Thats what I told my husband it must be irredescent. Anyway, there was one or these fish at the petstore, I did not see it. But the guys told him that would be the only shark you can put in with the Oscar. The quest goes on here.


----------



## Guest (Apr 4, 2006)

The only "shark" I can think of that might do well with a large cichlid is th Black Shark. It can be aggresive and grows 1-to-2 feet.








If they mean _myxocyprinus asiaticus_ (Chinese Sailfin Sucker, it's a cold water fish and won't live long in a tropical aquarium.


----------



## sassyO (Jan 30, 2006)

kool, we have one of those we bought it in feb, and he has already grown one inch. I am going to play it by ear with the columbian, he seems to be doing great ....I will just keep my eyes open.


----------



## Guest (Apr 5, 2006)

Get rid of that fish SassyV! Those guys grwo to be about 3' (sailfin)


----------



## sassyO (Jan 30, 2006)

they are going in a 75g, that you are going to sell me. Three fish in a 75 should not be bad.

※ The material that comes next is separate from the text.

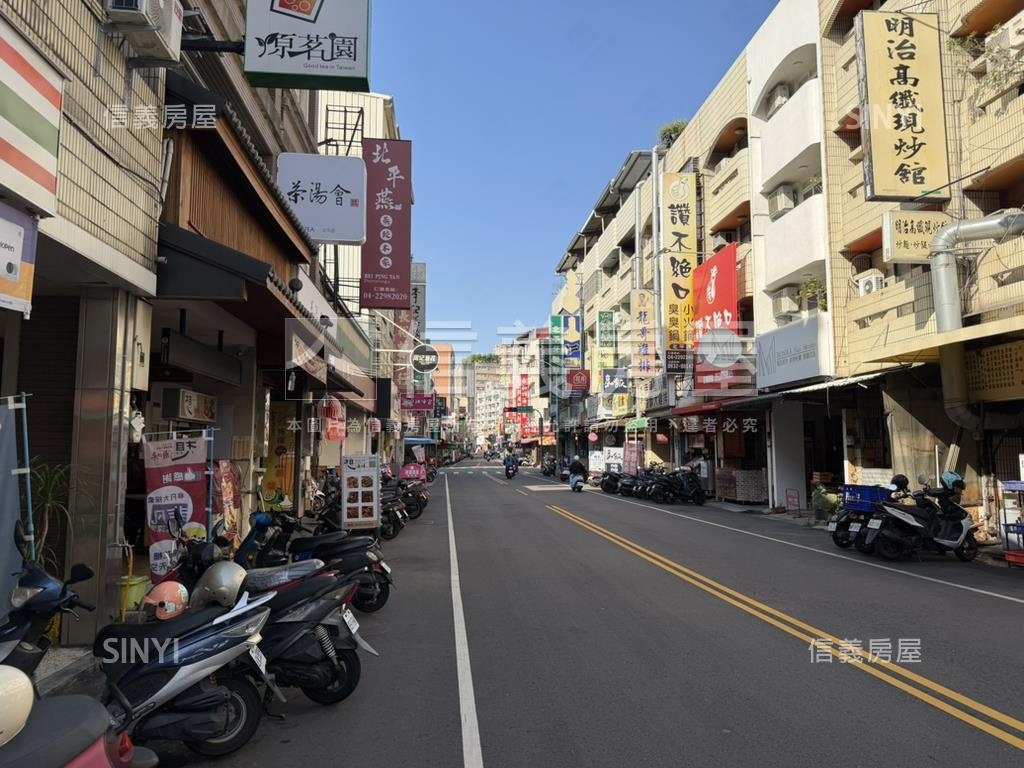 北平商圈採光美三房車位房屋室內格局與周邊環境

That may change to two fish, but I like my black shark he is cool.


----------



## sassyO (Jan 30, 2006)

Ok, I located an emperor shark at a fish store in china town. $75. They come from Japan. They have a really neat hooked fin. They grow to 1 -2 feet. They seem skinnier than the tranditional shark. They look like the black shark that bullsnake shows but the mouth looks more like a catfish. Anyway, we are going to pic one up once we get the new tank. I will get more info of the shop when I do. The poor man did not speak very good english, and he had lots of different fish in the store.


----------



## freakgasolinefightaccident (Jan 3, 2005)

Pics please!


----------